For the Grand Finals Concert at the Met, Sly performed an aria from Handel’s Rinaldo as well as Wolfram’s Song to the Evening Star from Wagner’s Tannhauser. The finalists were coached throughout the previous week by Metropolitan Opera staff members – “an amazing experience,” Sly said in an interview after returning to Montreal. They worked closely with Met Orchestra conductor Patrick Summers, who helped choose the pieces for the concert.

Performing on the Met stage in a packed hall was “not as nerve-wracking as I thought it would be,” Sly said. “When you’re in the thick of it and you’re doing it, it just felt right.” It was only afterward, when we woke up the next day with no voice, that he realized that “I’d probably had so much nervous energy…I must have been living on adrenaline or something. Anyway, I’m glad I came through” in the concert.

Among the select audience of people at his semifinals performance at the Met a week before the Grand Finals were Schulich professors Sanford Sylvan – Sly’s current voice teacher – and Michael McMahon. “It meant a lot to me that both of them were there,” Sly said. “These were the two most influential people during my time here.” Opera Studies director Patrick Hansen “has also been very helpful and inspirational.”

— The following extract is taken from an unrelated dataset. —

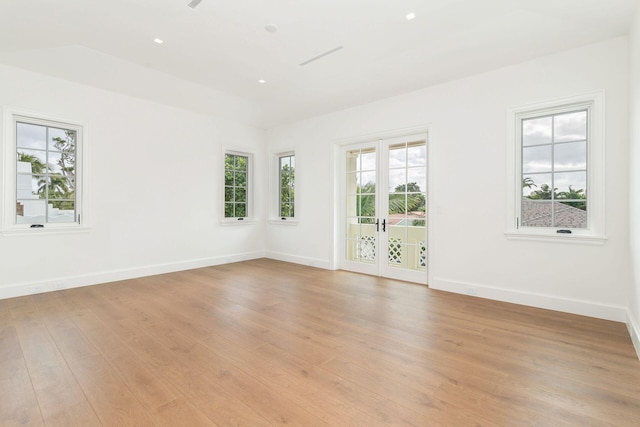 unfurnished room with light hardwood / wood-style flooring and french doors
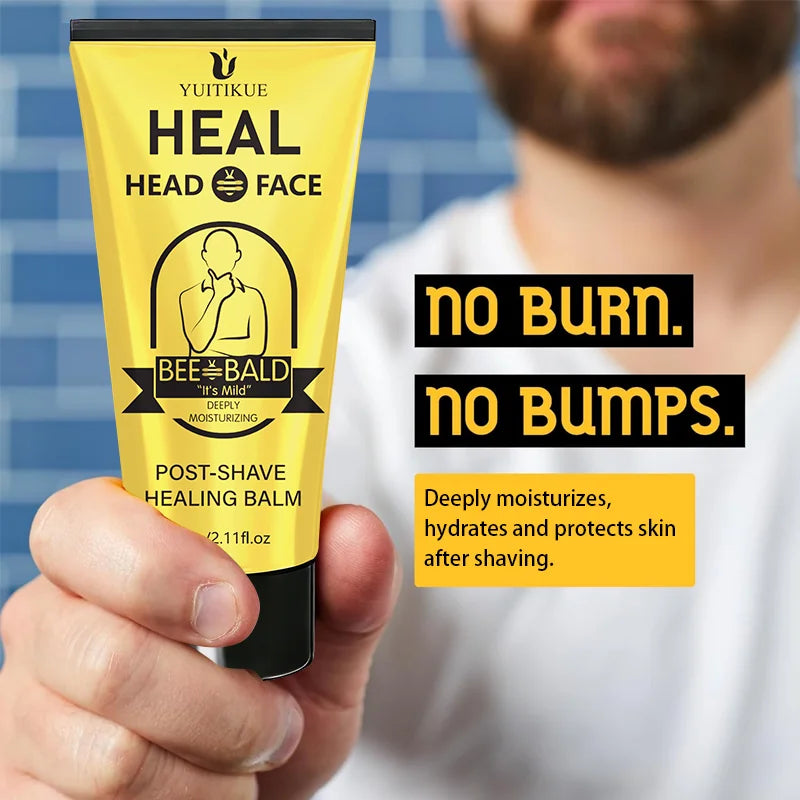 A yellow tube of Bee Bald Post-Shave Healing Balm is held by a hand against a blurred blue background.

The 22-year-old Sly is the sixth McGillian to make it to the winners’ circle of the Met competition; the others include current Schulich voice teachers Joanne Kolomyjec (1983) and Aline Kutan (1995).

Sly joined a boys choir in Ottawa when he was seven years old, and at the age of eight began studying with a private voice teacher, Sylvie Chapdelaine, who had recently graduated from McGill.

His family comes from La Tuque, Que., where Sly returns regularly. “We have a house, and we just bought another house and my mom wants to turn it into a bed-and-breakfast,” Sly said. “She actually bought a rectory and she intends to buy the church next to it. I want to eventually have a chamber-music festival up there. So I’ve got my venue, I’ve got everything going – I just have to be famous,” he added with a laugh.

His success in the Met Auditions could mark a big step in that direction. Each of the winners this year receives a cash prize of $15,000 and, more importantly, the opportunity to follow in the footsteps of past winners such as Renée Fleming, Ben Heppner and Deborah Voigt. During a typical opera season, more than 100 alumni of the Auditions are on the Met roster.